Sicuramente la si ricostruirà com'era e dov'era, contribuendo così
a darle un po' di più, sotto ogni aspetto critico, l'irrealtà di
un'icona e la realtà di una cartolina.
Fumus identitatis
Alle
ore 18.50 circa di ieri, 15 aprile 2019, è andata a fuoco la
Cattedrale della Madonna di Parigi.
Circa
venti minuti dopo, già un denso fumo di identità avvolgeva
la cattedrale, più denso addirittura di quello fisico che si
sprigionava dal tetto in legno e dalla guglia che bruciavano.
In
pratica, non stava bruciando un'importantissima e antica chiesa
cattolica, ma tutta una serie di identità concentriche, che
partivano da quella parigina per arrivare in un istante prima a
quella francese, e poi a quella europea e infine a quella mondiale,
tout court.
Mentre
ardeva tutto questo simbolo, avvolto dal fumo del legno, delle
impalcature di restauro e delle identità, già serpeggiava in
parecchi una certa qual delusione. Fin dal primo momento, infatti, si
tendeva ad escludere un'origine dolosa
ripiegando su un corto circuito, o comunque su qualcosa partita dal
cantiere di restauro. Nessun attentato, nessuno stato islamico,
nessun terrorista di qualsiasi genere che dà fuoco all'identità
europea, ma un banale e normalissimo incidente. Vittorio Feltri era
già pronto.
Una
mezz'ora dopo, si ricordava come la cattedrale della Madonna di
Parigi avesse già subito distruzioni nel corso della sua lunga
storia. Particolarmente gettonata, perlomeno nei commenti televisivi
e giornalistici dall'Italia, la devastazione che
avrebbe subito nel 1871 da parte dai Comunardi,
autentici mostri assetati di sangue che la avrebbero data alle fiamme
e distrutta. Per la cronaca, i Comunardi si limitarono ad incendiare
alcune panche e alcune sedie, senza fare praticamente nessun danno.

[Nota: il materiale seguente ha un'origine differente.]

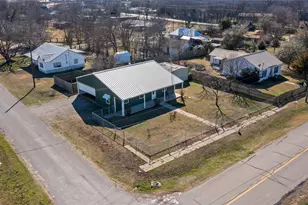 702 Main St, Windom, TX 75492 - Photo 24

Nel frattempo, i pii e devoti Versagliesi di Thiers erano impegnati a
distruggere coscienziosamente tutto il resto di Parigi, facendo circa ventimila morti (e demolendo poi l'antica città per fare spazio, a scopi militari, ai boulevards).
Qualche
minuto dopo, sempre in mezzo a un densissimo fumo identitario che si
spandeva oramai su tutta quest'Europa assediata dai corti circuiti, e
mentre persino il presidente Macròn si sentiva bruciare assieme alla
cattedrale, crollava la Flèche,
la guglia, manufatto di 745 tonnellate assolutamente finto. Era stato
realizzato nel 1860 dal famoso architetto Viollet
Le-Duc, specializzato nel
rifare ogni cosa più antica di prima. Era lo stesso, per fare un
esempio, che aveva preso una cittadina di origine medievale
completamente in rovina e semidisabitata nel sud della Francia,
Carcassonne, e la aveva ricostruita come a quell'epoca si immaginava
il Medioevo. Da allora, Il ne faut pas mourir sans avoir vu
Carcassonne (la versione
francese del “Vedi Napoli e poi mori”).
In
mezzo a tutti questi fumi e crolli di guglie, poco dopo si cominciava
a ricordare ogni 12 secondi che la cattedrale della Madonna di Parigi
è il monumento più visitato del mondo.
D'accordo il simbolo dell'Europa cristiana e l'identità, ma
un'occhiata all'industria turistica deve comunque essere data.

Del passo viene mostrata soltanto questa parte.